When 2 drives go down they appear to go down at the exact same time. The computer reboots and during POST the RAID shows 2 drives missing. Pressing the RESET button or warm booting do not solve the problem. A power cycle does let both drives to be seen, and I have to go into the RAID configuration and tell it to recover the volumes. Then it then boots to Windows and rebuilds the RAID set. After this happened about the 3rd time, I started taking notes.
Sometimes it happens when I am using the computer and sometimes it happens when I am not at my computer.
The problem does not follow any particular drive or drives.
The problem does not follow any particular SATA port or ports.
The first thing I did was upgrade the BIOS to the latest version. Did not fix the problem.
Then I replaced the SATA cables. Did not fix the problem.
Then I replaced the drive that was failing the most with a brand new drive (still Maxtor, but different model). Did not fix the problem.
Then I replaced the system board with a brand new Intel D945Pvs, and replaced the SATA cables again at the same time. Did not fix the problem.
Then I replaced all 3 drives at once. Did not fix the problem.
Then it happened to the same 2 drives twice in a row, and those drives happened to be on the same SATA power cable coming from the power supply. So I swapped power connectors on the drives, but it happened again on one of the same drives on the new power connector.
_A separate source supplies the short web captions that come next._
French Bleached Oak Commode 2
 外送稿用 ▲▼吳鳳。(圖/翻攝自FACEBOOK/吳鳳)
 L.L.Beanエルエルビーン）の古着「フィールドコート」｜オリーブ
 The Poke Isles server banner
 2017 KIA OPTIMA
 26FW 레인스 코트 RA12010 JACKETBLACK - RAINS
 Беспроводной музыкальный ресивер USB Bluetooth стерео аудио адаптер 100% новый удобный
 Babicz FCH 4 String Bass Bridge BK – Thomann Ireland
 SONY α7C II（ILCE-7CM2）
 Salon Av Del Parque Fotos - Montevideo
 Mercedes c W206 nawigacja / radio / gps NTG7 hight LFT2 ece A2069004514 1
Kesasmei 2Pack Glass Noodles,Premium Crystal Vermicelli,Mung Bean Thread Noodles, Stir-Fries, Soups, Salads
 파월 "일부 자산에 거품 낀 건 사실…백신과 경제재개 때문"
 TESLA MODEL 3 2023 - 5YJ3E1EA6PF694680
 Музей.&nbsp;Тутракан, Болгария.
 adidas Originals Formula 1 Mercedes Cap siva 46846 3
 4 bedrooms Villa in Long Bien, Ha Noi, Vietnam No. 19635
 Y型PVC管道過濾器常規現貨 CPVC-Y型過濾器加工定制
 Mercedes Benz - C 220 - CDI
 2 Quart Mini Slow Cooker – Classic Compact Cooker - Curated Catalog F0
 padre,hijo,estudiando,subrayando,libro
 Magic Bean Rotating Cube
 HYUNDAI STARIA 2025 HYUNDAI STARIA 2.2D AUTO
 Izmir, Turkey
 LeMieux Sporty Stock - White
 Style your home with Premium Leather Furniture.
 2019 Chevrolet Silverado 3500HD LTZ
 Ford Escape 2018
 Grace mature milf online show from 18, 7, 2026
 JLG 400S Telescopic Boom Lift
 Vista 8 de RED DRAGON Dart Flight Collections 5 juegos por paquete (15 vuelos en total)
The hottest spot on the external of the hottest drive in the cage is 33 degrees Celsius (I can't read the SMART info because of the hardware RAID), so I don't think it is a thermal issue.
I also replaced a couple more hard drives in between these steps with various models.
I am about out of ideas. Sorry for the long post, but I wanted to include all information I thought relevant. Please let me know if you have any more ideas or things to try.